Leon v New York City Tr. Auth.
Published by New York State Law Reporting Bureau pursuant to Judiciary Law § 431.
This opinion is uncorrected and subject to revision before publication in the Official Reports.
Andrias, J.P., Saxe, Acosta, Freedman, Richter, JJ.
Order, Supreme Court, New York County (Harold B. Beeler, J.), entered December 3, 2009, which granted defendant New York City Transit Authority's motion for summary judgment dismissing the complaint, unanimously reversed, on the law, without costs, and the motion denied. Appeal from order, same court (Michael D. Stallman, J.), entered February 17, 2011, which denied plaintiff's motion to renew and reargue, unanimously dismissed, without costs.
Plaintiff alleges he was injured when he fell into a gap between the platform and a subway car at the Union Square station in Manhattan. Specifically, he testified that when he attempted to board the subway car, his left leg fell, up to his buttocks, into the gap of eight or nine inches between the platform and the car. Plaintiff suffered, among other injuries, a torn meniscus. In support of its motion to dismiss, the Transit Authority (TA) asserted that case law has established that, due to the swaying of trains as they move, some gap between the train and the platform is necessary to avoid having the car strike the platform, that, through the application of a mathematical formula, it calculated that the maximum permissible gap at the curved section of the track where plaintiff's accident occurred was 9.2 inches, and that the gap in question did not exceed 9.2 inches. The TA argued that compliance with its internal gap policy entitles it to qualified immunity.
To establish its entitlement to qualified immunity, a governmental body must show that "a public planning body considered and passed upon the same question of risk as would go to a jury in the case at issue" (Jackson v New York City Tr. Auth., 30 AD3d 289, 290 ). A mere informal review or internal policy will not suffice. The defendant must demonstrate that a "study, inquiry or investigation" into that question was conducted and reached the determination now relied upon (id.). The TA submitted several documents that refer to the 6-inch-gap standard for straight tracks, including a 1987 memorandum that states that the gap between the platform and straight track must not exceed 6 inches, and an affidavit by the TA engineer who calculated the 9.2-inch-gap standard for curved tracks. All these documents address the risk that trains will scrape against the platform as they travel along the track. None of the documents, however, address "the same question of risk" that is at issue in this case, i.e., the risk that a passenger will fall into the gap between platform and track.

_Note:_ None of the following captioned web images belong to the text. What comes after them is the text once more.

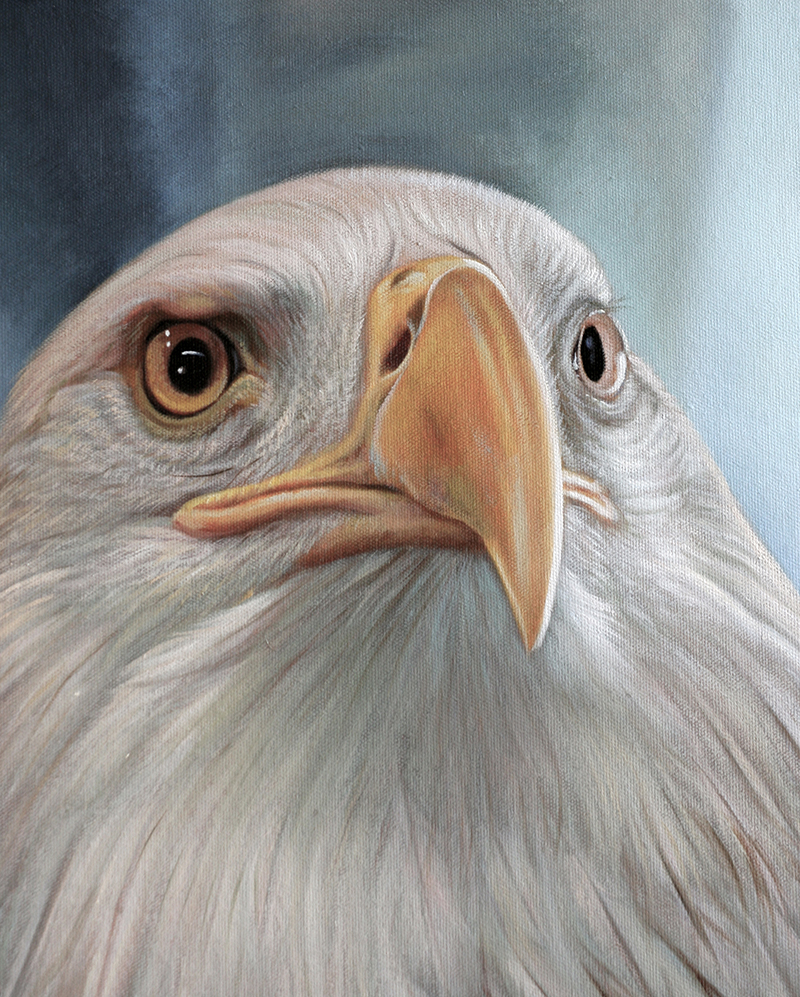 狗年大吉瑞犬迎春精品油画专场  拍品详情 进入该拍品专场   起拍价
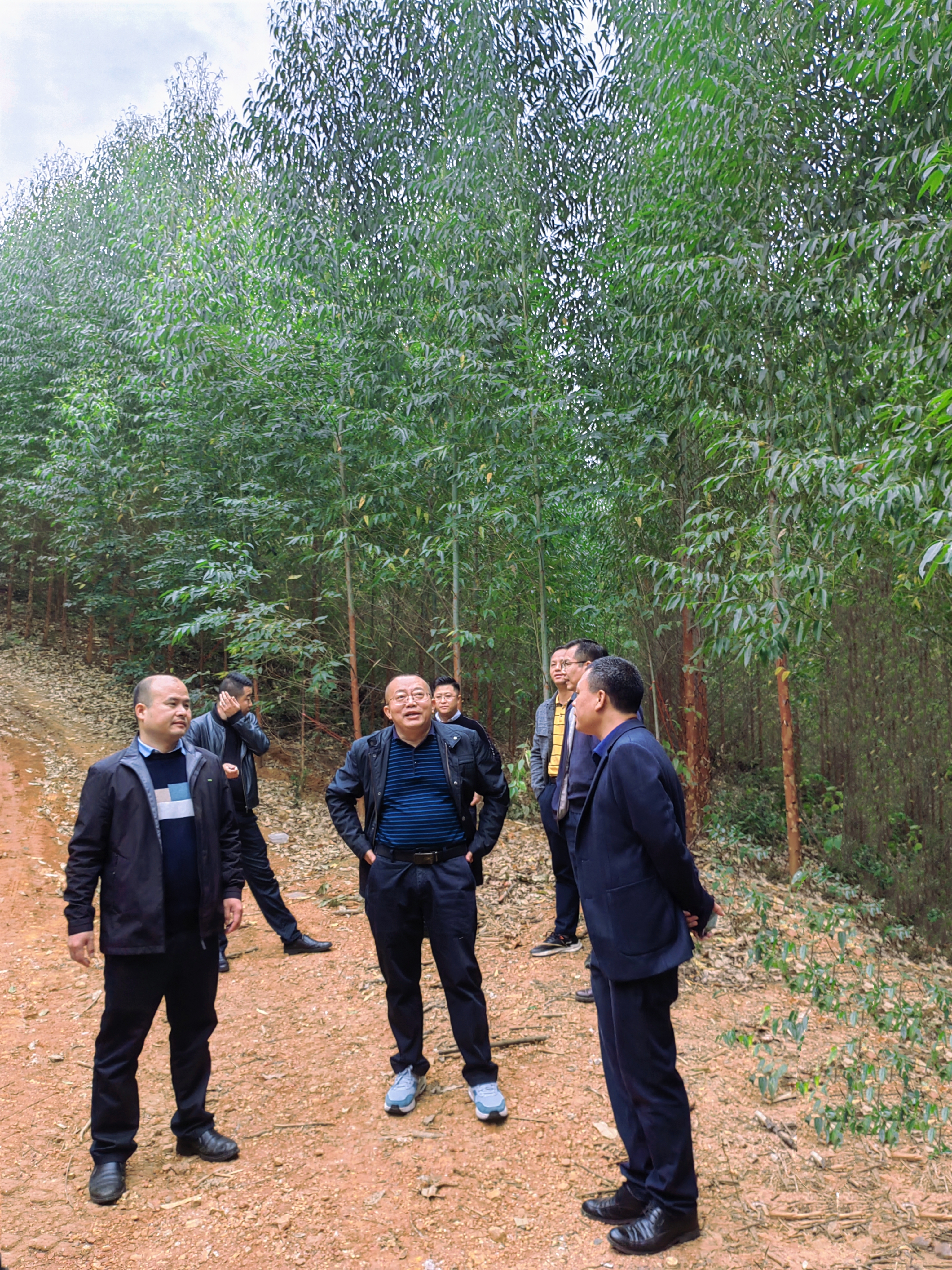 ����Ң���ӵ���ţ��̳-(�Ĳ���ˮ)����¹կ���ֵص���ָ��Ӫ����������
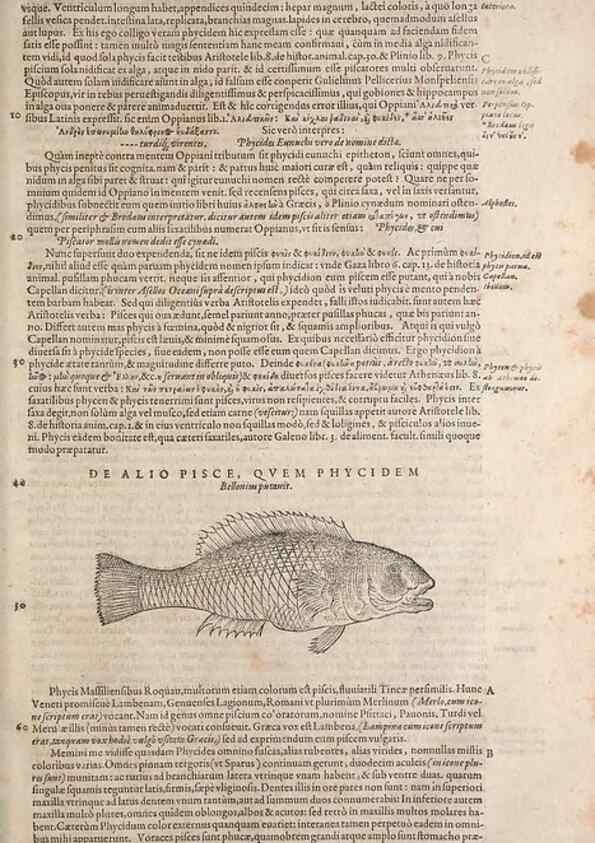 Reproducción/Reproduction 15383023228: Conradi Gesneri medici Tigurini Historiae animalium liber IV :. Francofurti :In Bibliopolio Andreae Cambieri,anno MDCIIII [1604]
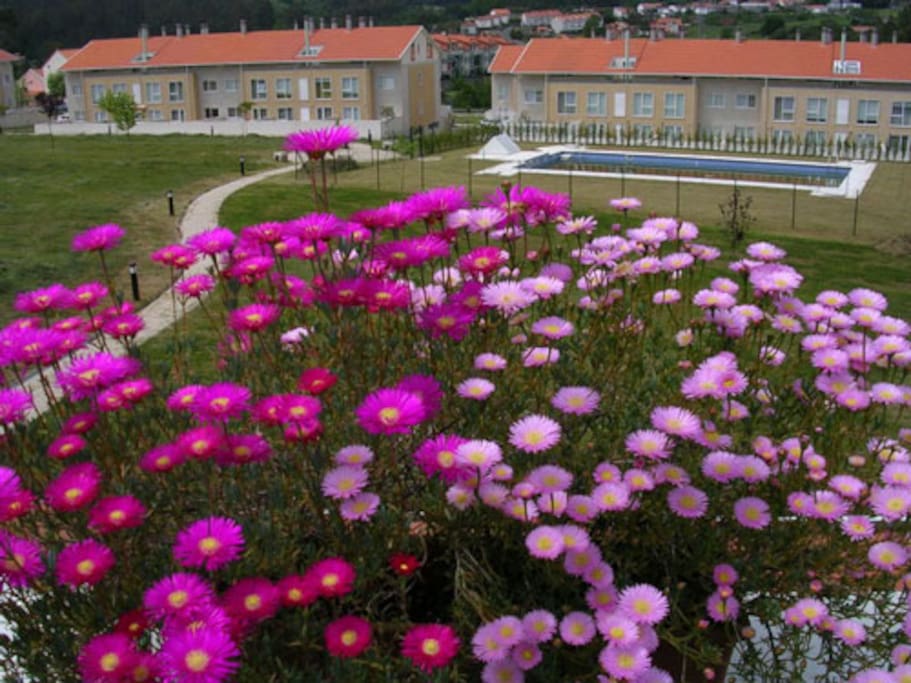 Vista desde la terraza a la piscina y jardín comunitario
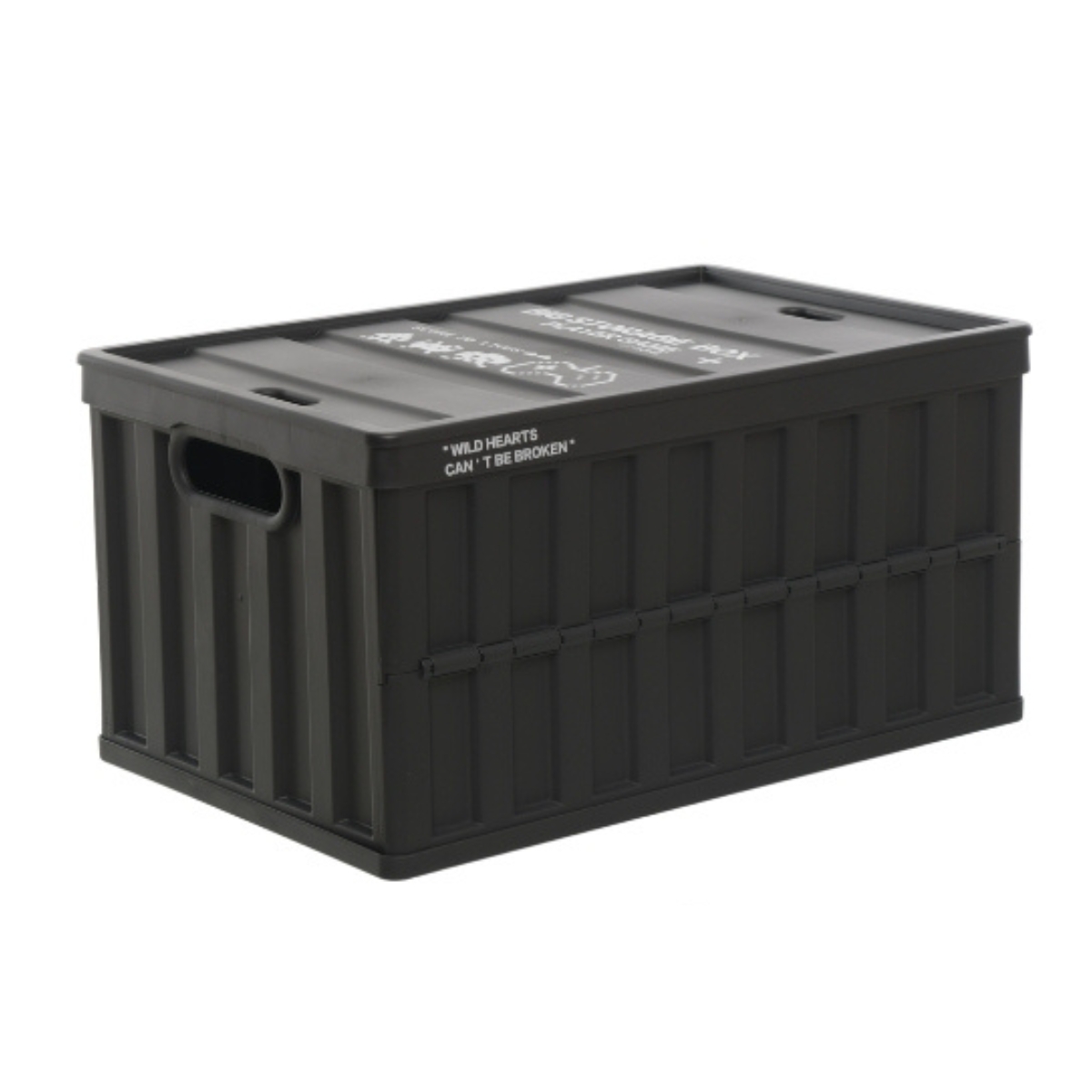 Citylife 64L Collapsible Storage Box Crate (Black) | NTUC FairPrice
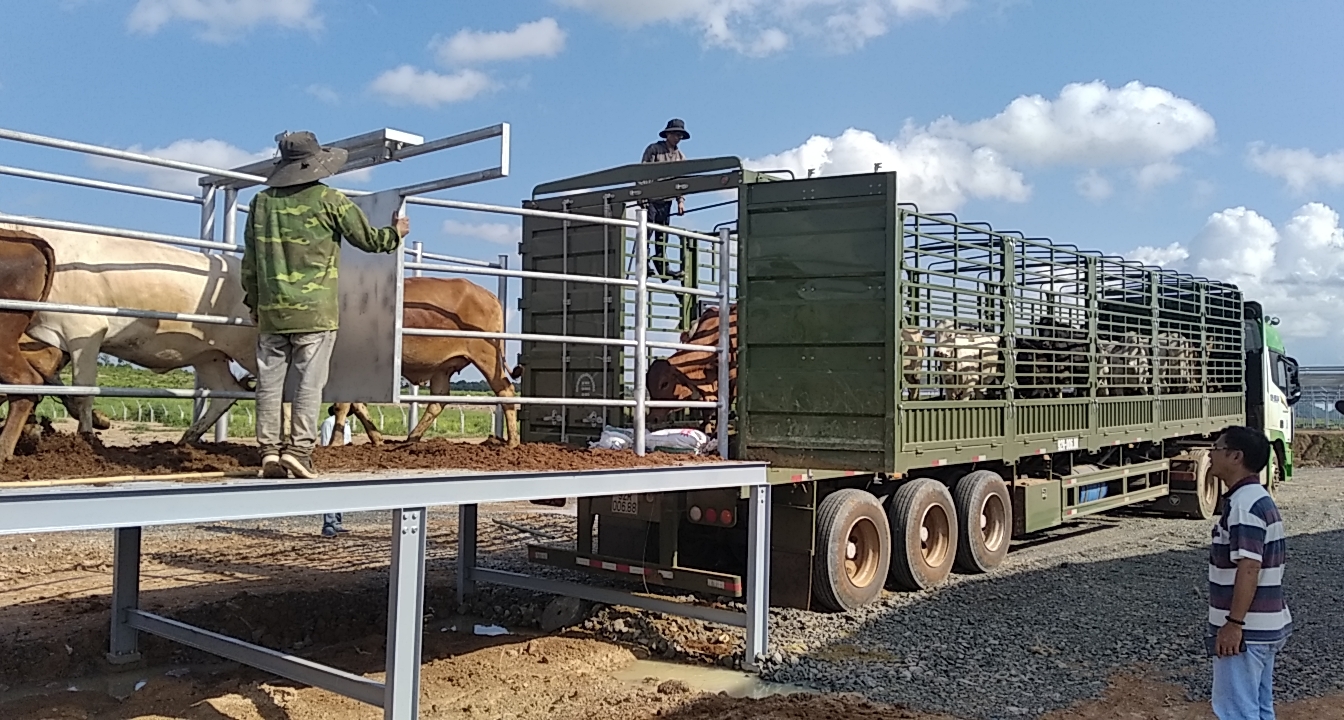 1. Vận chuyển bò vào trang trại .jpg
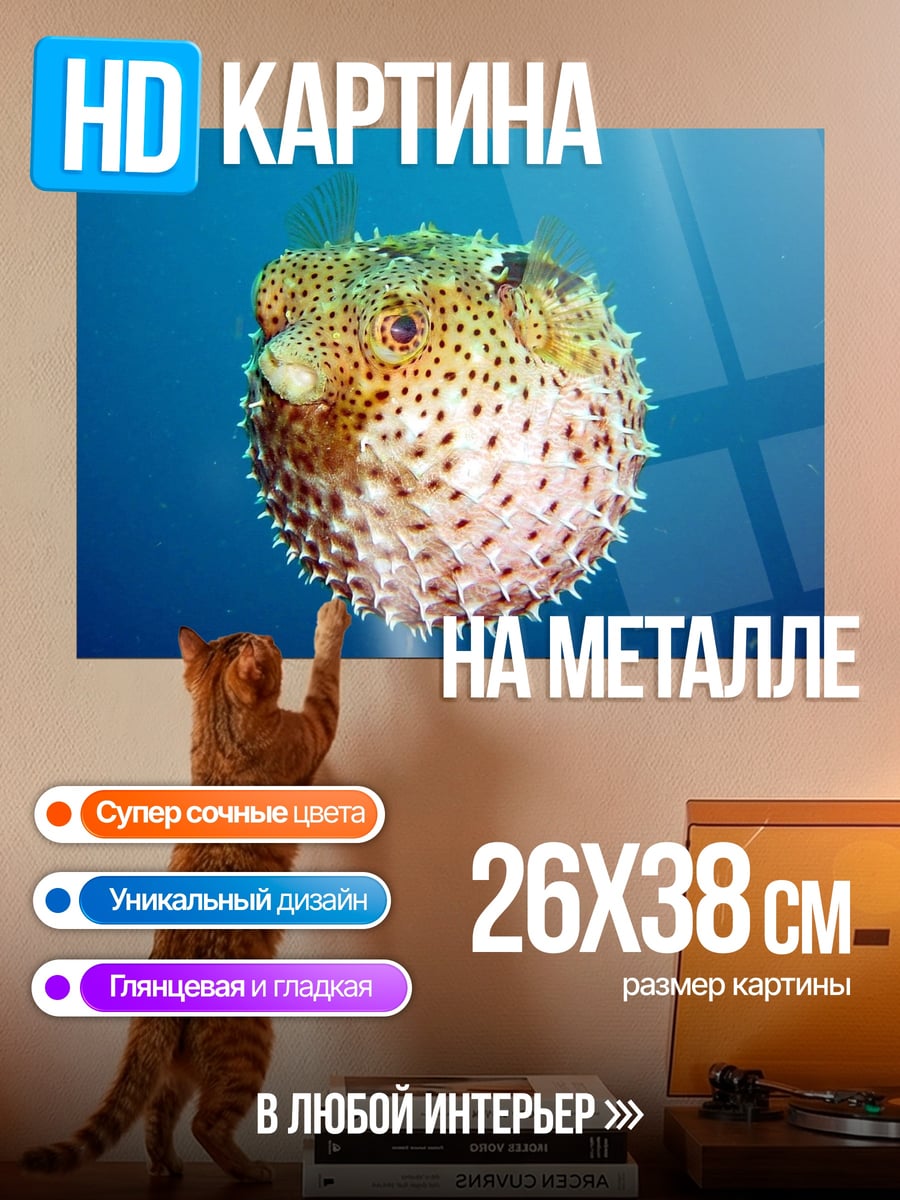 Картина на металле Рыба фугу в воде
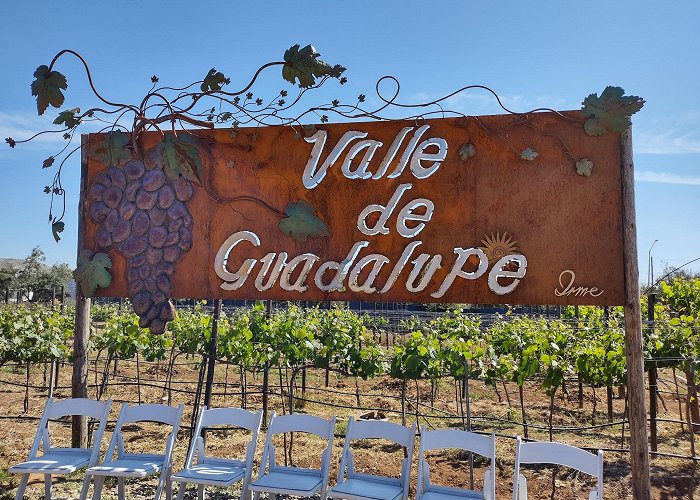 Valle de Guadalupe photo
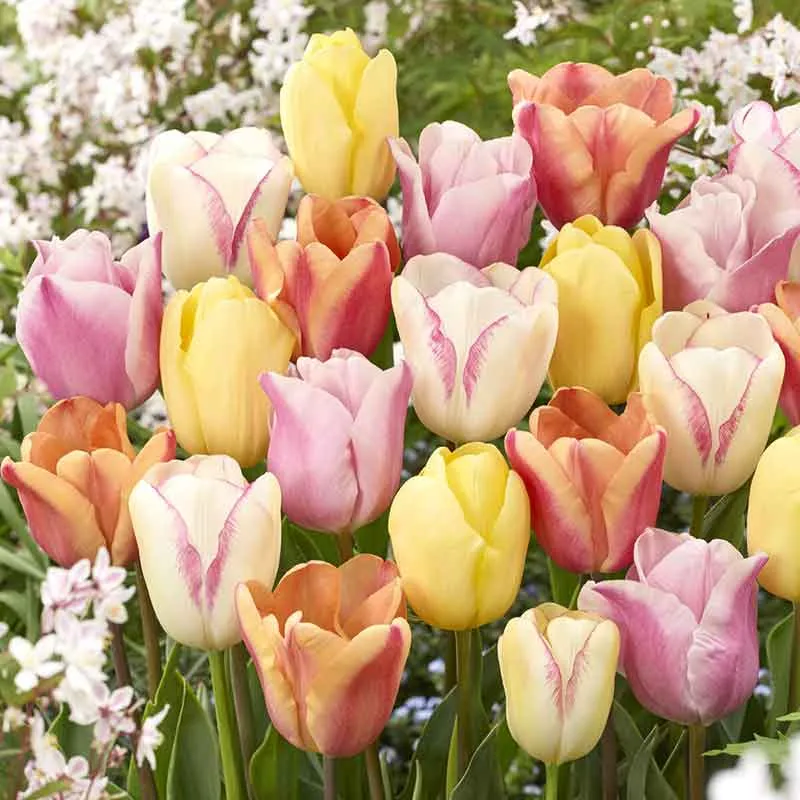 VEGSOW Tulip Bulbs - Pastel Mix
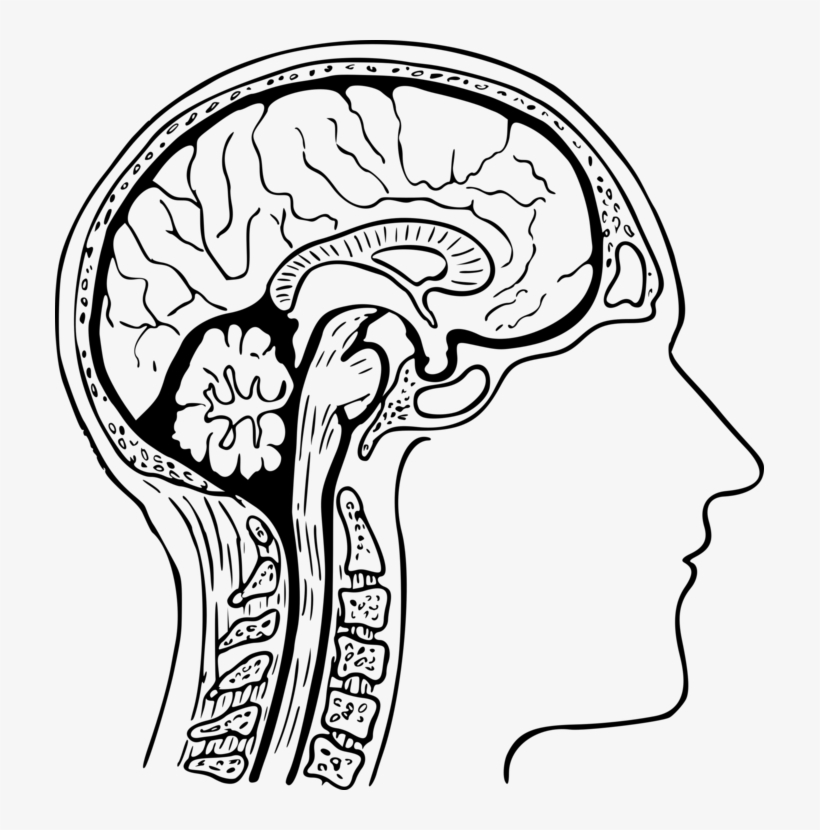 Human Brain Drawing Diagram Nervous System - Cerebro Humano Para Colorear, transparent png #33027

This Court, on two occasions, has already found that the 1987 memorandum does not constitute a study for purposes of the qualified immunity doctrine because it does not cite any basis for the six-inch standard (Sanchez v City of New York, 85 AD3d 580 ; see Tzilianos v New York City Tr. Auth., 91 AD3d 435 ). Indeed, the TA concedes that the 1987 memorandum "was not a study, did not purport to be a study, and contained no reference to any study." And yet, it submitted the 1987 memorandum and two Memoranda of Understandings detailing clearance requirements, dated 2001 and 2002, that merely incorporate the six-inch standard set forth in the 1987 memorandum. This is insufficient to demonstrate the TA's entitlement to qualified immunity.
We dismiss the appeal from the February 17, 2011 order since no appeal lies from the denial of reargument, and the appeal is otherwise academic in light of our reversal of the prior order.
THIS CONSTITUTES THE DECISION AND ORDER OF THE SUPREME COURT, APPELLATE DIVISION, FIRST DEPARTMENT.